An ADF Druid's trials, tribulations, musings, and victories

For the Dedicant’s Path, one requirement is that we write a book review for a book about modern Paganism.  I began reading Margot Adler’s Drawing Down the Moon a few months ago, but wasn’t a big fan.  I believe I stopped in the middle of the seventh chapter.  I just don’t like the huge focus on Wicca when other forms of Paganism are becoming more popular.

I downloaded the Kindle sample of another book on the required reading list:  The Complete Idiot’s Guide to Paganism by Carl McColman.  I know it doesn’t sound very scholarly, but so far it’s actually provided a very good overview of contemporary Paganism that is very easy to understand.  The author even thanks an ADF Grove in the Acknowledgments section as one of the groups that helped him on his spiritual journey.

I will be providing my notes to this book as I read it, so here goes.

First, the Foreword.  It’s written by a Witch, Barbara Ardinger, who has authored some books about Goddess worship.

  • “Today most people understand that paganism is a genuine religion.”  I noted that some people disagree with this, while others don’t even know what Paganism is.  I’ve had to explain Paganism to people on campus before.
  • “…it is a new religion that we recreate every time we cast a circle or invoke a goddess or a god.”  Here I noted that not all of us cast circles.  (I didn’t realize the author of this piece was a Witch until the my next note.)
  • “I am a Witch and a writer.”  I wonder why a Witch wrote the foreword for a book about all the major forms of Paganism.  This just reinforces the belief that the only Pagans that matter are Witches and Druids are some fringe group.
  • “Although I don’t like to get the outdoors on me, I worship the ground I walk on…”  Isn’t this somewhat hypocritical?  I always thought so.
  • “Like thousands of other pagans, I also worship the Goddess Who Is All That Is.”  Not all of us believe in One Great Goddess of whom other Goddesses are “aspects.”
  • “…[pagans’] ethical principles of tolerance and doing harm to none.”  These are Wiccan principles.  Not all Pagans believe in them, but that all Pagans do is certainly implied.
  • “It’s been said pagans are going mainstream.  Well, this is partly true.  I think it’s truer, however, that the mainstream is going pagan.”  I actually agree with this statement.  I see “Happy Harvest” signs in the fall at home decor stores and more decorations inspired by things like pinecones and feathers.

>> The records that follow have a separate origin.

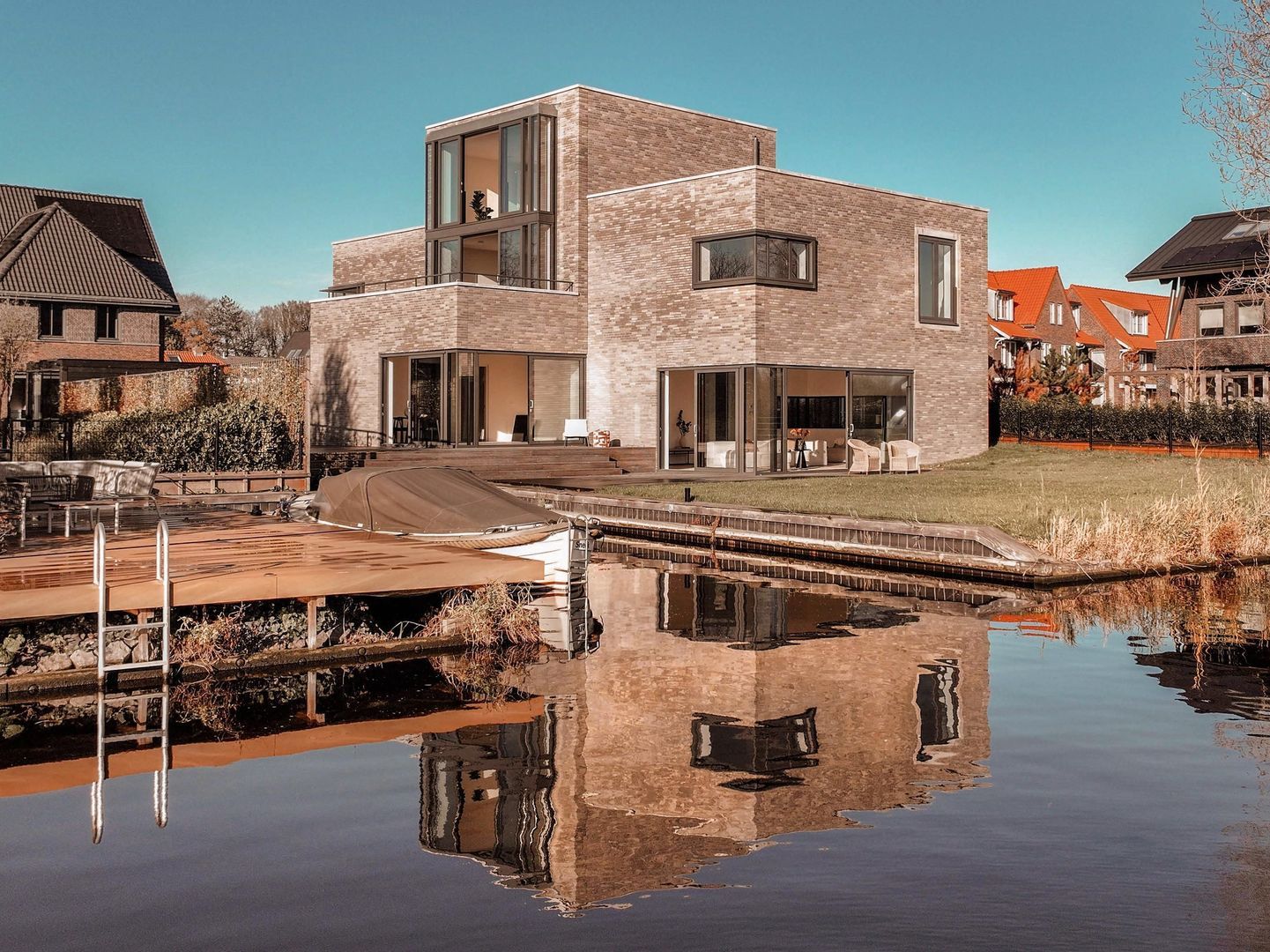 Liburne 20, Leidschendam foto-13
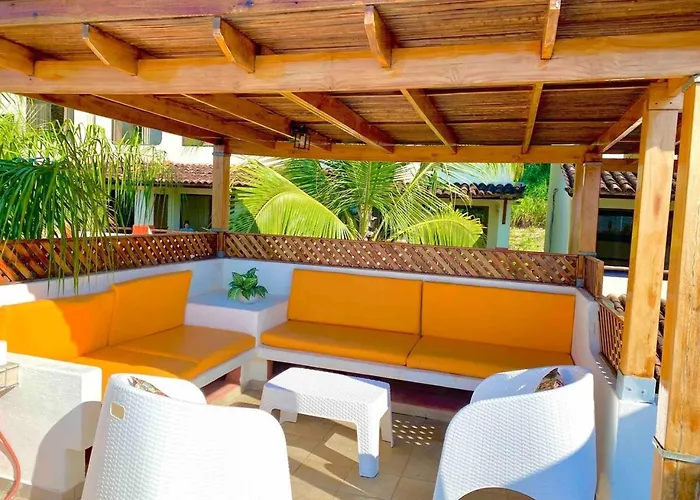 Сasa de vacaciones Modern With A Rooftop Patio *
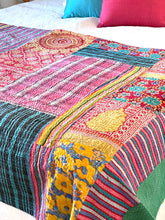 Load image into Gallery viewer, Vintage Sari Kantha Qult
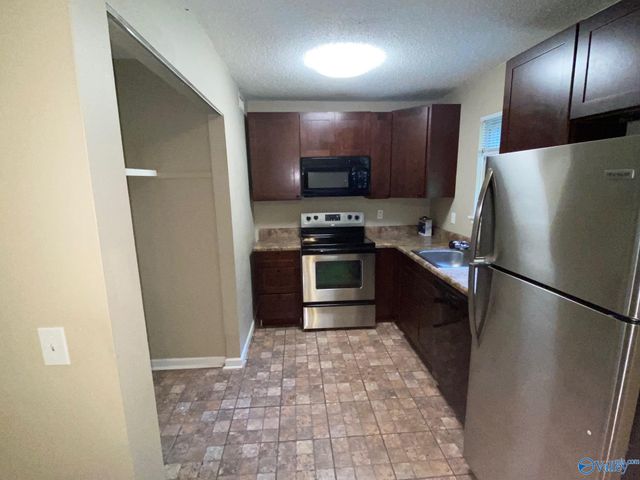 6214 Belgrade Drive NW, Huntsville, AL 35810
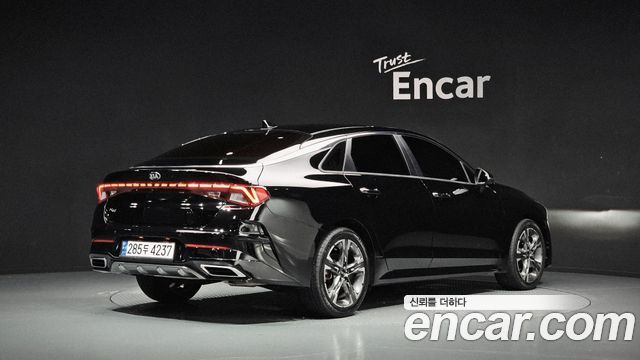 Kia K5 (III) 2.0 Noblesse 2020 — фото 2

After that, you may wonder how I will get through this book.  Well the actual author of the book (Carl McColman) is writing from the Introduction on.  It’s not nearly as bad.  I find this book engaging, though, even if so far I don’t agree with all of it.

Notes from the Introduction:

  • “…approaching Spirit as both Goddess and God.”  This has a Wiccan tone to it.
  • “…the Divine Mother and her Sacred Consort.”  And the Wiccan slant continues.
  • A couple pages later “the Goddess” is mentioned.  We don’t all believe in One Goddess over everything.  This mentioning of the Goddess to refer to the Divine continues throughout the book.

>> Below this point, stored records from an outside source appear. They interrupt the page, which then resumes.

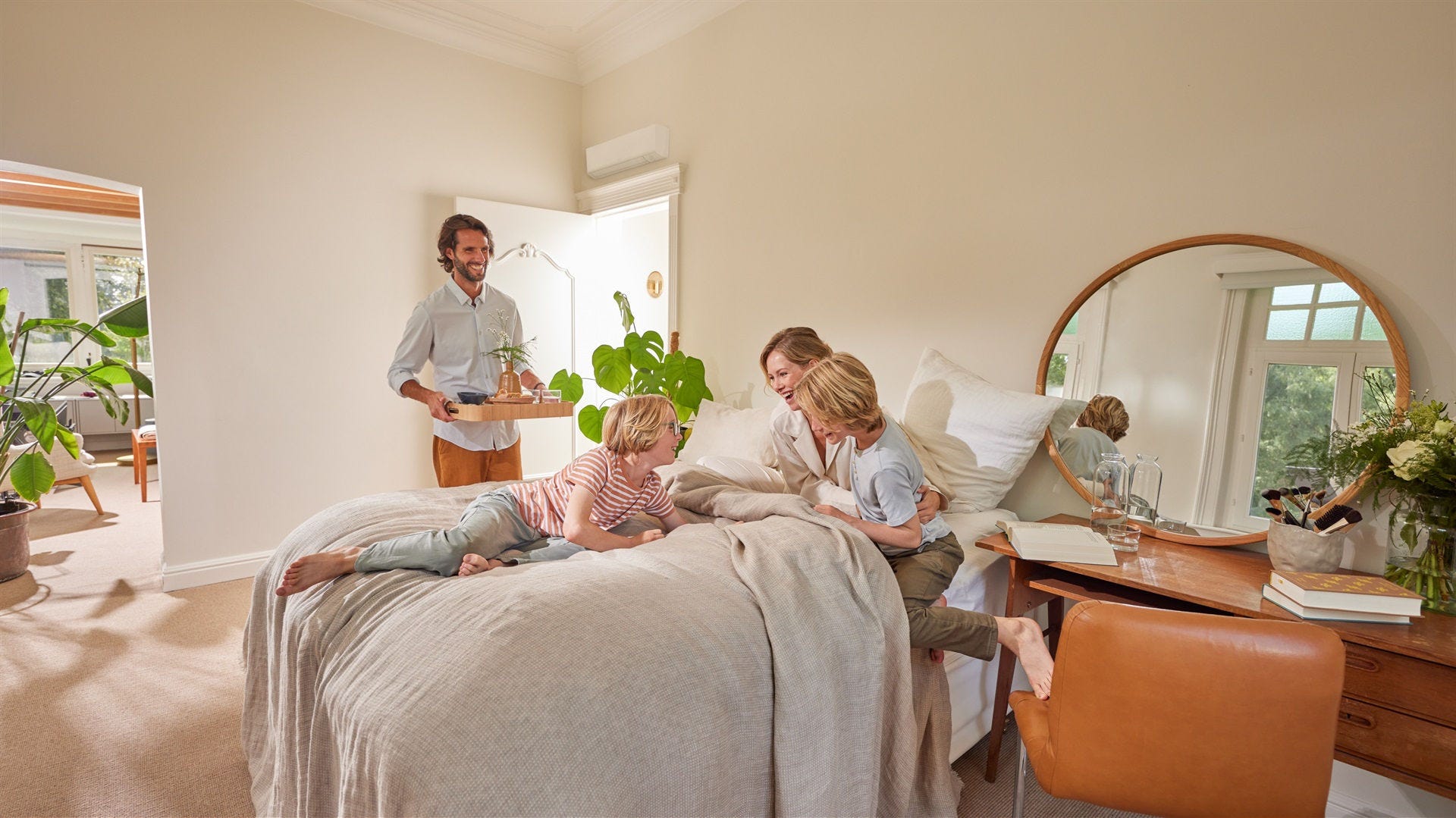 Pareja disfrutando del aire acondicionado de Daikin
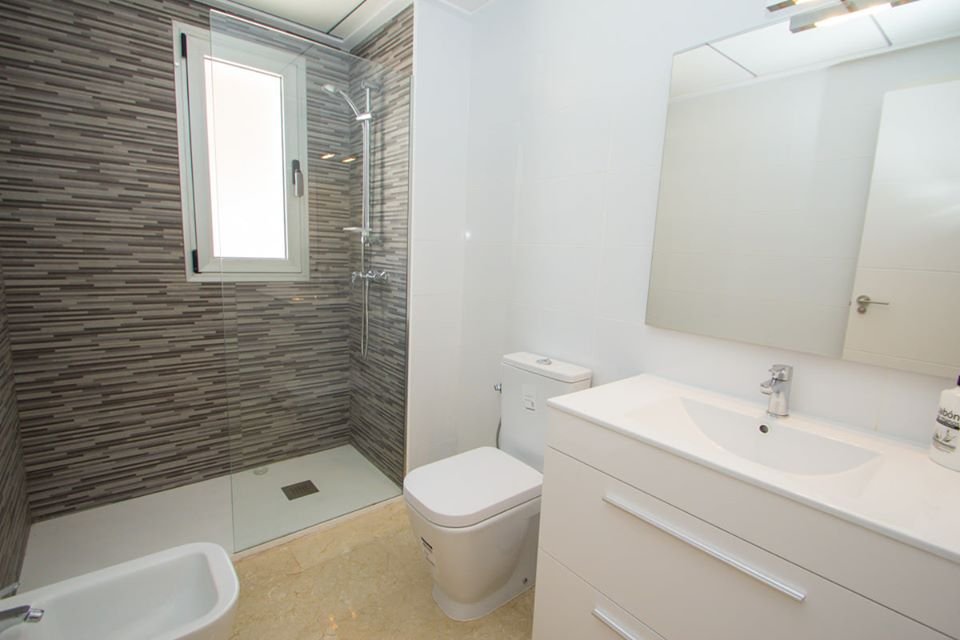  Im prestigeträchtigen Res. Las Filipinas gelegen, bietet dieser Wohnkomplex eine exklusive Auswahl von 11 Immobilien, darunter Apartments, Erdgeschos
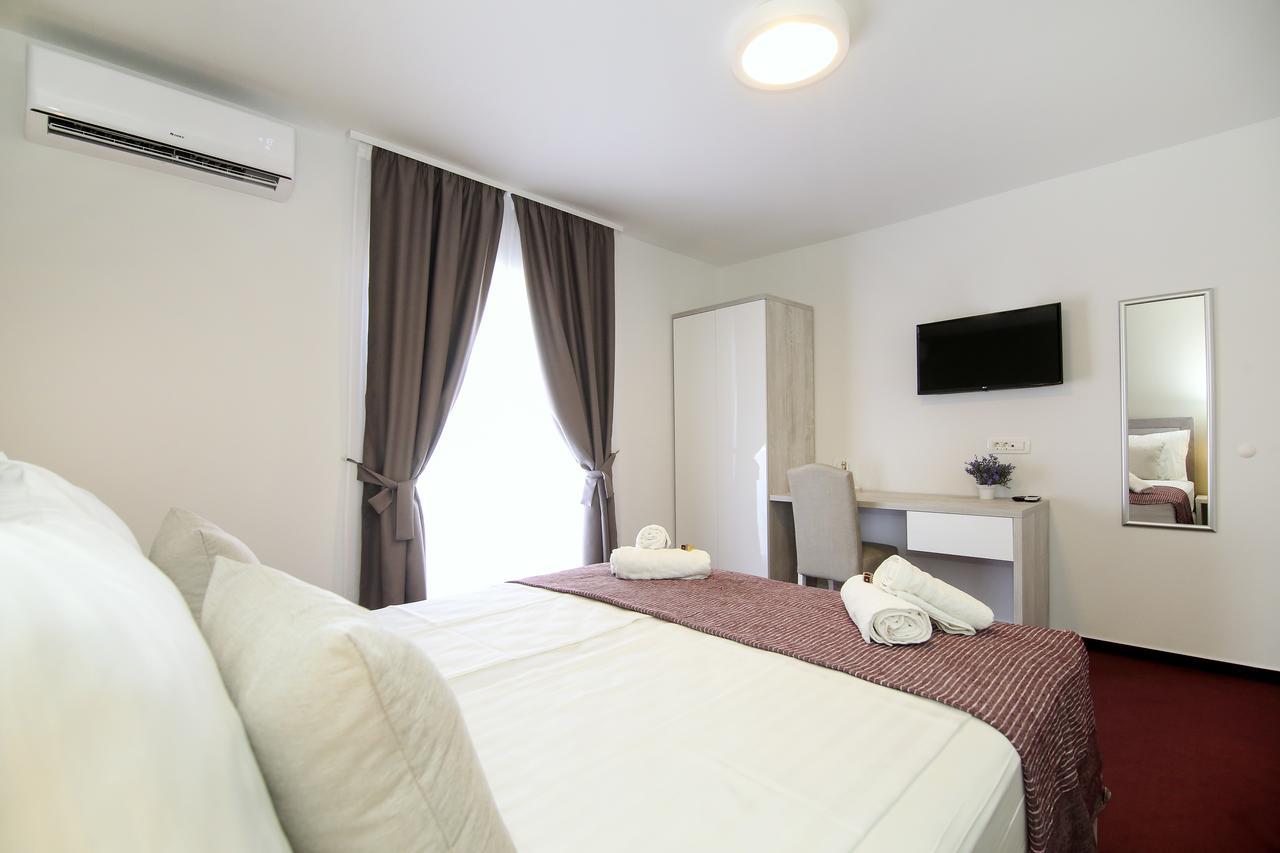 Maxim Rooms & Apartments Сплит Екстериор снимка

This book is divided into five parts:  1. Pagan Basics; 2. How to Think Like a Pagan; 3. Ritual; 4. Magic; 5. Living the Pagan Life.  Part 1 begins with Chapter 1:  Welcome to the Pagan Path.

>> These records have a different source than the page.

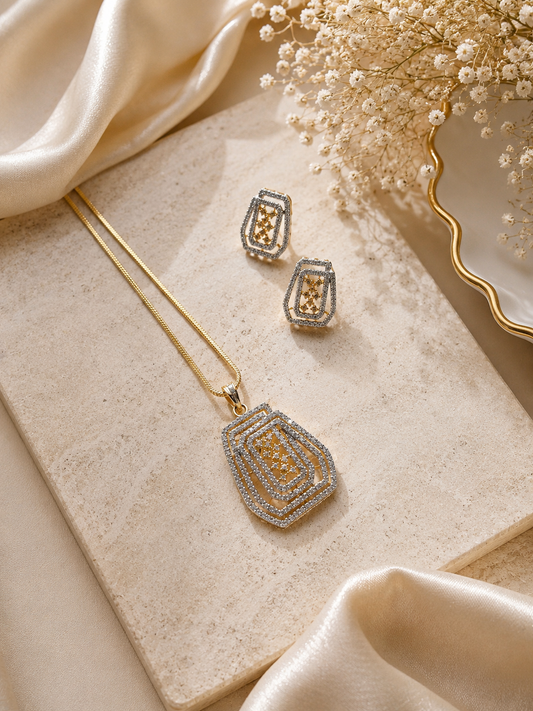 Aurielle Pendant Chain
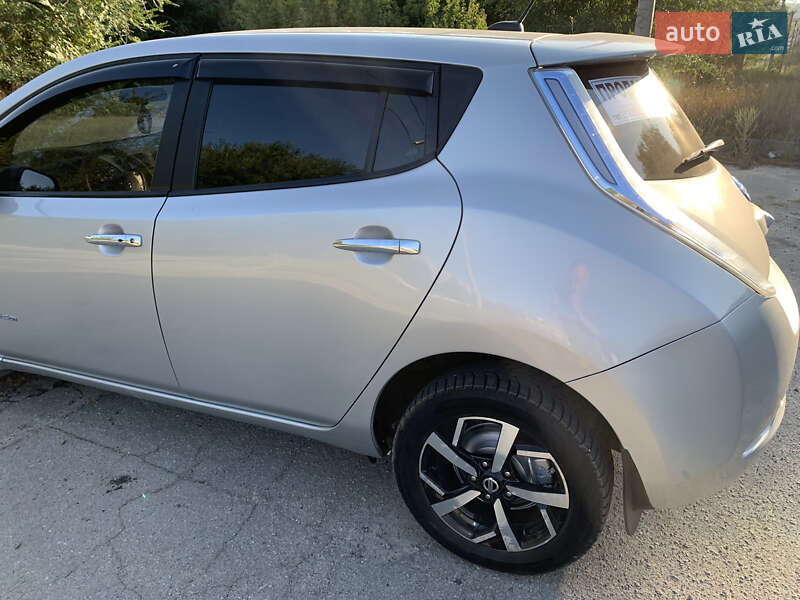 Хетчбек Nissan Leaf 2015 в Харкові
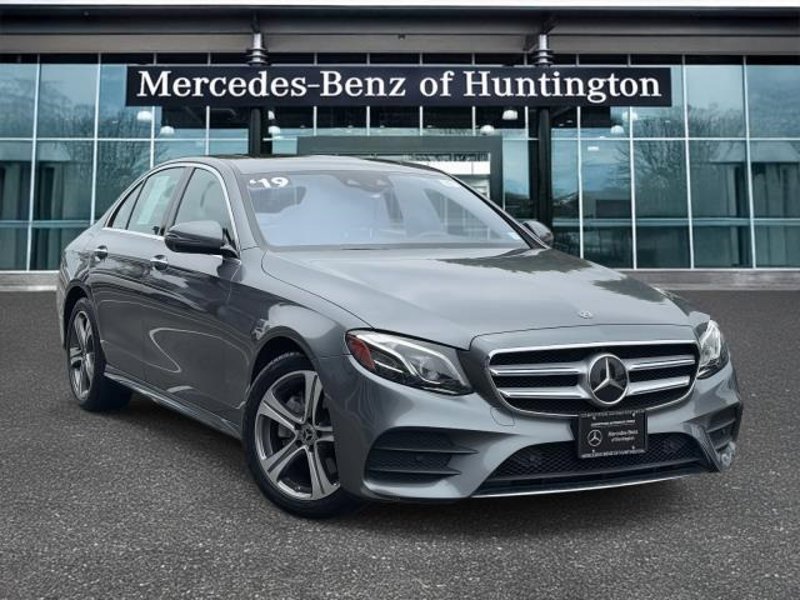 Certified 2019 Mercedes-Benz E 300 4MATIC image 1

Here are my notes from the chapter:

  • “…transform the human soul into a higher state.”  This implies that our current state is low or inferior, contrary to what most Pagans believe.
  • “…the words “pagan” and “paganism” have been used to say not what something is but what it is not.”  (emphasis original)  I found this to be a good point and something I never really thought about.
  • The author proposes that “pagan” become an anagram:  “People Adoring Goddess And Nature.”  See my notes above for my problem with this.
  • “…most [pagans] have some sort of devotion to the Goddess…” Again my problem with only using “Goddess.”  ADF does not have devotion to One Goddess of any sort.
  • Discussion of differences between paleopagan, mesopagan, and neopagan is useful.
  • Erroneous assumption that all ancient cultures worshiped a Great Mother Goddess.
  • Note about Gods and Goddesses of older cultures were transformed into the demons and devils of Christianity.
  • Mention of offerings like incense and food as sacrifices.
  • I thought it was interesting that Pagan beliefs and actual sexual behavior differ.  In other words, Pagans generally believe people can have sex with whomever they wish, but they personally don’t do such things.  I think this may be the author trying to make Pagans seem less “out there” and more “normal.”
  • I agreed with the reasons given for Paganism’s diversity.
  • The connection all Pagans share is reverence for the Earth Mother.
  • I highlighted a few sentences talking about the diversity of Pagan belief, whether it is in Divine polarity, in multiple Gods and Goddesses, or in the Divine as a force.
  • The author does say no one way of Paganism is better than others.  What’s important is your individual preferences.  You, the practitioner, are also the ultimate authority on spiritual matters.